Ueli Maurer szwajcarski minister obrony, poinformował wczoraj o zawieszeniu procesu zakupu nowych samolotów wielozadaniowych, przynajmniej do 2015.
Szwajcarskie F-5 zostały zakupione w dwóch transzach. Samoloty z pierwszej, większej (72 egz.), zostały dostarczone w drugiej połowie lat 1970. W 1981 parlament zdecydował o zakupie kolejnych 38 samolotów.

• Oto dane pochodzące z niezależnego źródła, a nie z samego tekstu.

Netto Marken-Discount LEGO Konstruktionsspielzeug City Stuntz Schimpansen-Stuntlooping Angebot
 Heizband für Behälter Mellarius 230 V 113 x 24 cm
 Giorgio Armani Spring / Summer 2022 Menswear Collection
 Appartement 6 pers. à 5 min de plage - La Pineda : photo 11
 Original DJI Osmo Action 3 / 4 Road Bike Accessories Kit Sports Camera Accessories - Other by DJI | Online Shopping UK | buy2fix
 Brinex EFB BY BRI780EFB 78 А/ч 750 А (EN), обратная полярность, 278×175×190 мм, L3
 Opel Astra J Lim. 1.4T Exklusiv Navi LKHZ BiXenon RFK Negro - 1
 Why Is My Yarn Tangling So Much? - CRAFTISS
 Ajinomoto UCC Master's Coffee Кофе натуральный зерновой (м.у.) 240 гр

W styczniu 2008 rząd wysłał zapytania ofertowe do Boeinga, EADS, Dassault i Gripen International, w celu wyłonienia następcy najstarszych Tigerów II (zobacz: Następcy szwajcarskich F-5). Szwajcarzy zamierzali kupić nie mniej niż 22 nowoczesne samoloty za ok. 2 mld USD.
Do przetargu nie przystąpili Amerykanie. Pozostali oferencie dostarczyli samoloty do prób, które odbyły się w ciągu 2008. Kilka tygodni później szwajcarska agencja zamówień wojskowych, Armasuisse wysłała do trzech oferentów finalne zapytanie ofertowe. Odpowiedzi miały nadejść do kwietnia, a w czerwcu 2009 powinien zostać wyłoniony zwycięzca. Nie został.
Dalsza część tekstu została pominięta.